====== Source data

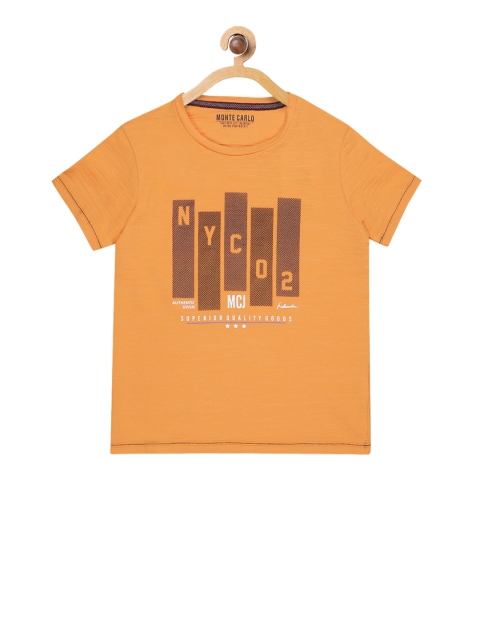 

Monte Carlo Boys Orange Printed Round Neck T-shirt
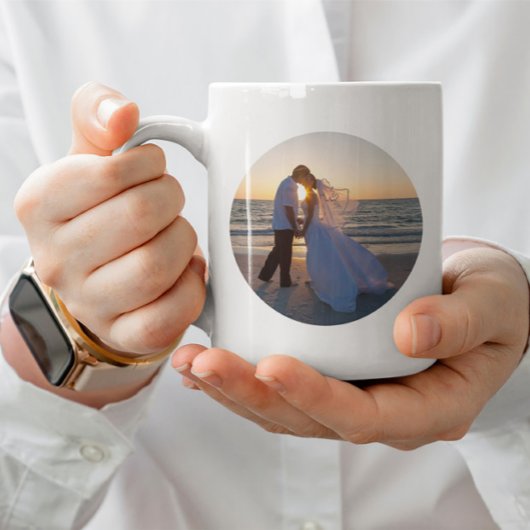 シンプルな2つの円形写真デザイン コーヒーマグカップ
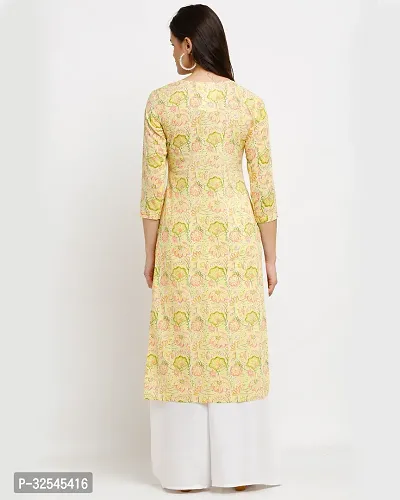 Stylish Yellow Cotton Printed Kurta For Women-thumb2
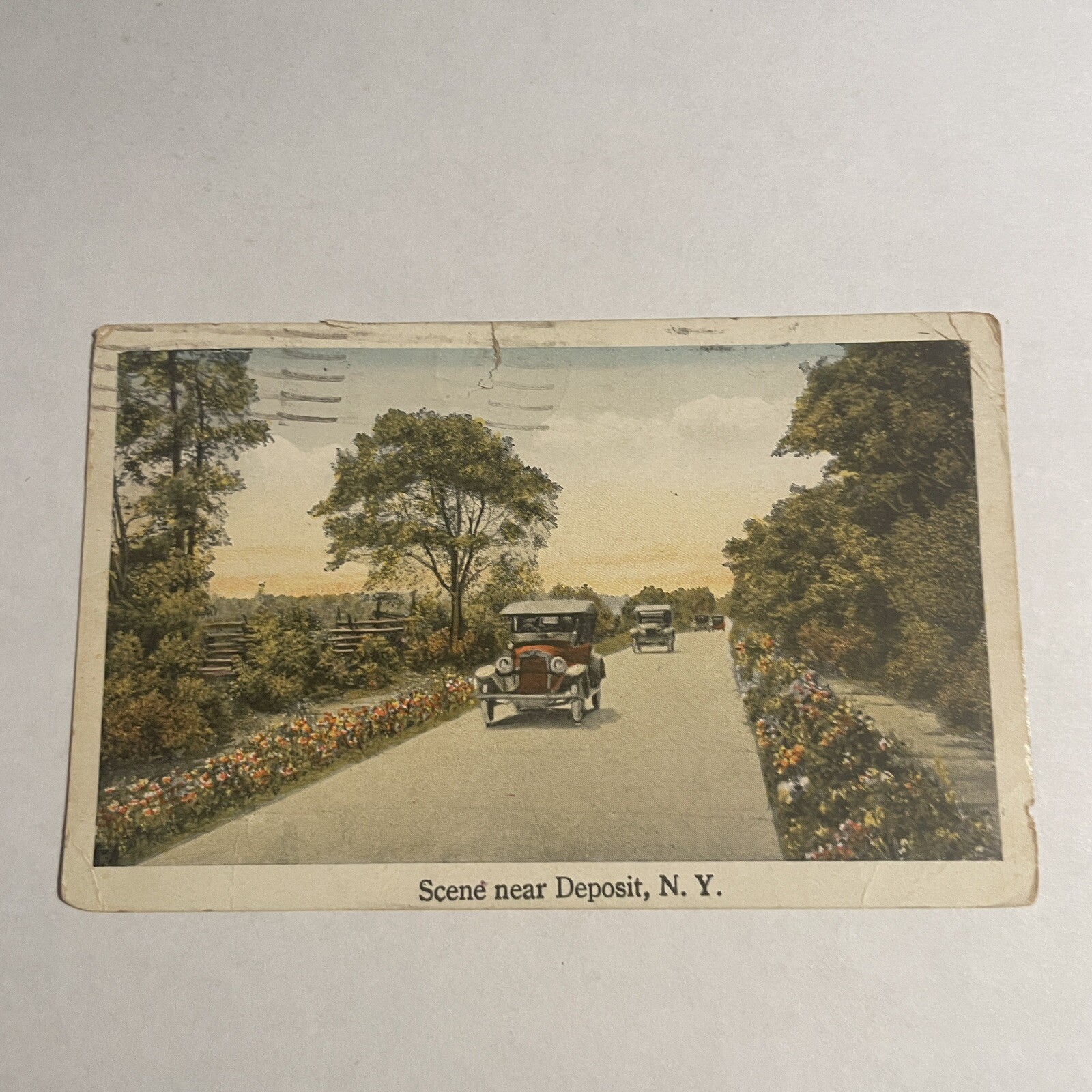 Postcard - Scene Near Deposit, New York Vintage Car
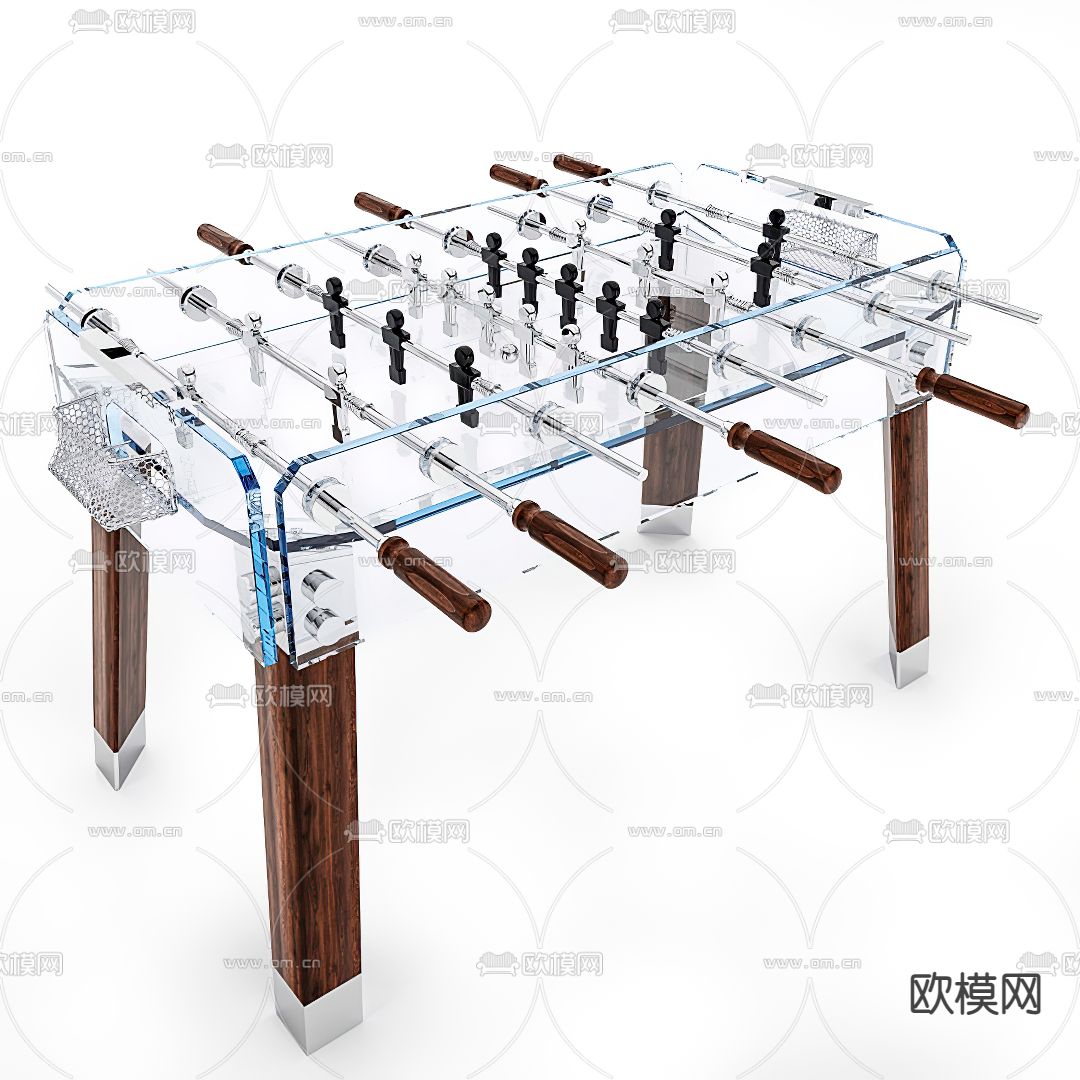 现代亚克力桌面足球3d模型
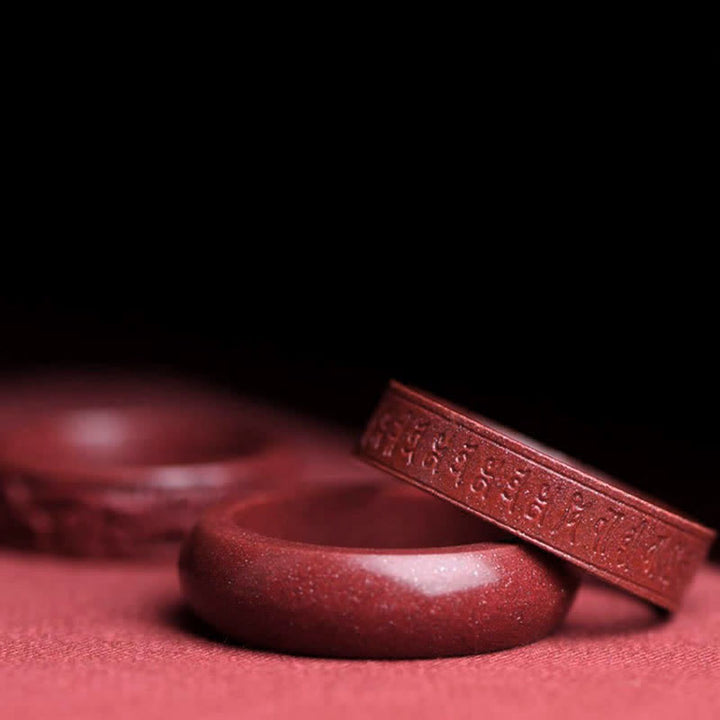 Buddha Stones Cinnabar Om Mani Padme Hum Auspicious Clouds Blessing Ring - image 8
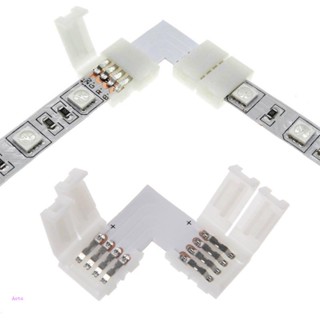 Aoto ตัวเชื่อมต่อ 4 Pin LED รูปตัว L มุมขวา 10 มม. 5050 RGB LED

============

* _The problem_:
Please keep the pictures out and reproduce the records above exactly.

* _Expected answer_:
Monte Carlo Boys Orange Printed Round Neck T-shirt
 シンプルな2つの円形写真デザイン コーヒーマグカップ
 Stylish Yellow Cotton Printed Kurta For Women-thumb2
 Postcard - Scene Near Deposit, New York Vintage Car
 现代亚克力桌面足球3d模型
 Buddha Stones Cinnabar Om Mani Padme Hum Auspicious Clouds Blessing Ring - image 8
 Aoto ตัวเชื่อมต่อ 4 Pin LED รูปตัว L มุมขวา 10 มม. 5050 RGB LED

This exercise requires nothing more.